Decadal Variations in Western Pacific Warm Pool Dynamics as Evidenced by Porites Corals from Chuuk Atoll, Federated States of Micronesia

Friday, 19 December 2014
Jennifer Lynn Massoll1, Amy J Wagner2, David M Anderson3, Chad Lane1, Jin-Kyoung Kim4 and Sang H Lee4, (1)University of North Carolina at Wilmington, Wilmington, NC, United States, (2)California State University Sacramento, Sacramento, CA, United States, (3)National Oceanic and Atmospheric Administration, NCDC, World Data Center for Paleoclimatology, Boulder, CO, United States, (4)KIOST Korea Institute of Ocean Science and Technology, Ansan, South Korea
The Western Pacific Warm Pool (WPWP) encompasses some of the warmest sea surface temperatures (SSTs) of the world oceans. This region influences seasonal and decadal variability of the Intertropical Convergence Zone (ITCZ) and climate anomalies such as the El Niño-Southern Oscillation (ENSO). Long-term changes coupled with anomalous events like El Niño can greatly influence the position of the ITCZ and subsequently alter weather patterns on a global scale. WPWP dynamics may have contributed to the slowdown in global warming during the last decade.
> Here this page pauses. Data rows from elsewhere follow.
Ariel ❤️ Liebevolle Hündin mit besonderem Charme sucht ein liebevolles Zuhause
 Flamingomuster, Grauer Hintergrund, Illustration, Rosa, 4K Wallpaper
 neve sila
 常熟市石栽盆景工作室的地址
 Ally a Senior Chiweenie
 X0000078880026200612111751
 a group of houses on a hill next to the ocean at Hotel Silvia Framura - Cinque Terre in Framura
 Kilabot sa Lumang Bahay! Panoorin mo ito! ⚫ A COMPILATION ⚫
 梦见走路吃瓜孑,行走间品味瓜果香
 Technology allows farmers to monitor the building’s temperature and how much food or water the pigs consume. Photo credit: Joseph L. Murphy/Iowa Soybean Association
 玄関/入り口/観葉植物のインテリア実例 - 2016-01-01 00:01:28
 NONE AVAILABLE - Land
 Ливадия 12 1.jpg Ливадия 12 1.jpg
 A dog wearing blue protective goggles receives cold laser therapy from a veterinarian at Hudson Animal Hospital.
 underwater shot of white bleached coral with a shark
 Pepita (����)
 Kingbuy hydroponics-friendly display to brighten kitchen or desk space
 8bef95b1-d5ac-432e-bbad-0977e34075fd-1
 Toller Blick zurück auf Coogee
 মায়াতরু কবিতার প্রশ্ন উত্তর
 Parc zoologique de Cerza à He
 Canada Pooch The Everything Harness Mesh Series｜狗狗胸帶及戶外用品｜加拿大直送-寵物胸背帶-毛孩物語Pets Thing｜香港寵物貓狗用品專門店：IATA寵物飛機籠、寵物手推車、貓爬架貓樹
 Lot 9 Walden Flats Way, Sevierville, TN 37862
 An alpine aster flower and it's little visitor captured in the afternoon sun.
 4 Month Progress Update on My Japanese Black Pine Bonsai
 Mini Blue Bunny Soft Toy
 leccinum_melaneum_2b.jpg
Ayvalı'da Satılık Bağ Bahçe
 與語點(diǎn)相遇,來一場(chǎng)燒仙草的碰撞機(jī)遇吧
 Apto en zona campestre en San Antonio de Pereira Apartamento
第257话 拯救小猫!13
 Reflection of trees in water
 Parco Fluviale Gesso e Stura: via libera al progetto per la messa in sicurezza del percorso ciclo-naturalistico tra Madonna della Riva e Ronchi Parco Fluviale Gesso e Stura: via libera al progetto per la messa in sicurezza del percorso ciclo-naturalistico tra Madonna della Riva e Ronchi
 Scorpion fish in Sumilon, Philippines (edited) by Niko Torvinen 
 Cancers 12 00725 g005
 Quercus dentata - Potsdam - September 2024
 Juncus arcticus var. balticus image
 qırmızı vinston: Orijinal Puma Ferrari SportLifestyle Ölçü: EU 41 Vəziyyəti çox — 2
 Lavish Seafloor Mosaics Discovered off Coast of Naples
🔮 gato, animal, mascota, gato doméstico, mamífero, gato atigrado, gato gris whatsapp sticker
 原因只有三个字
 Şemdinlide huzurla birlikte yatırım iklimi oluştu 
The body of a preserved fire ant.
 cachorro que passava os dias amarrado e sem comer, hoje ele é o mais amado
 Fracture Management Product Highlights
The processes that control these variations are complex, and gaining insight into these systems on decadal to centennial timescales is necessary to improve climate modeling and future predictions for drought or floods associated with global climate change. Chuuk Atoll (7°N, 152°E), located in the Federated States of Micronesia, is positioned within the WPWP at the northern extent of the mean boreal summer position of the ITCZ, making this location optimal for studying WPWP dynamics and ocean-atmosphere linkages. Two coral cores from the species Porites lobata were collected from the outer-atoll at Fannuk Island and the inner-atoll at Lobata Reef. Using stable isotope (δ18O and δ13C) composition and Sr/Ca trace metal analysis, the sites were identified as distinct hydrologic environments. Low seasonal variability in δ18O and Sr/Ca values at the outer-atoll site indicates a hydrologically-open system that is strongly influenced by the WPWP. At the inner-atoll site, δ18O and Sr/Ca values reflect a small seasonal SST cycle. In this hydrologically-restricted basin, the δ18O record is likely responding to salinity variations influenced by local climatology, specifically anomalously high or low precipitation events associated with ENSO. The average δ18O between 2003-2011 was 0.5‰ lighter at the inner-atoll site. These values can be interpreted as warmer sea surface temperatures and/or lower sea surface salinities, suggesting the inner-atoll coral is more sensitive to seasonal temperature and salinity variations. Comparison of these distinct proxy records could afford some new insights into overall trends and decadal variations in the ocean-atmosphere coupling in the WPWP.